AMY GOODMAN: The New York Post has a headline, “Score One for NYPD-Bashing.” They said, “Surprise, surprise: The Associated Press yesterday picked up a Pulitzer for its year-long, non-stop hit-job on the NYPD’s counterterrorism efforts.” As we wrap up, Matt Apuzzo, your response? And are you continuing your series?
MATT APUZZO: Yeah, as I said before, it would be surprising to me if people didn’t have strong—this is an important issue, so it would be surprising to me if editorial writers and pundits and regular people didn’t have strong feelings about this one way or the other. You know, some of your viewers probably have strong feelings. The New York Post editorial staff has strong feelings. That’s what democracy is all about, right? And democracy needs information. And we try to provide that information so people can make informed decisions. So, not surprised that there are strong feelings. And again, this wasn’t a series we set out to do, so whether it continues, I think it continues if more information makes itself available. And we’ll go where the story leads.

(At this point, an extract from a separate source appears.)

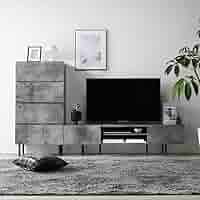 あおい　RASIK ワイドテレビボード 幅120cm ストーングレー あおい RASIK ワイドテレビボード 幅120cm ストーングレー RASIK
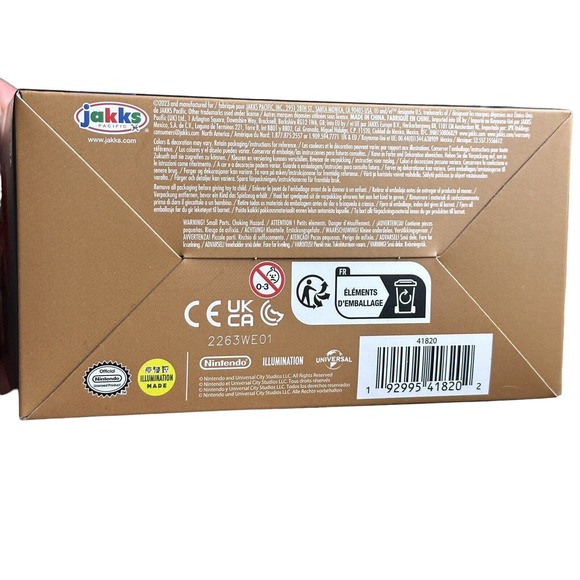 The Super Mario Bros. Movie Tanooki Fox Jakks Action Figure Kids Toy 2023 NEW 5” - Picture 5 of 6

AMY GOODMAN: Matt Apuzzo, I want to thank you for being with us. Again, congratulations. Matt is a reporter—
MATT APUZZO: Thanks a lot.
AMY GOODMAN: —for the Associated Press. He and his colleagues were awarded the Pulitzer Prize for Investigative Reporting for their series of articles revealing the extensive domestic surveillance program deployed by the New York Police Department in the wake of 9/11.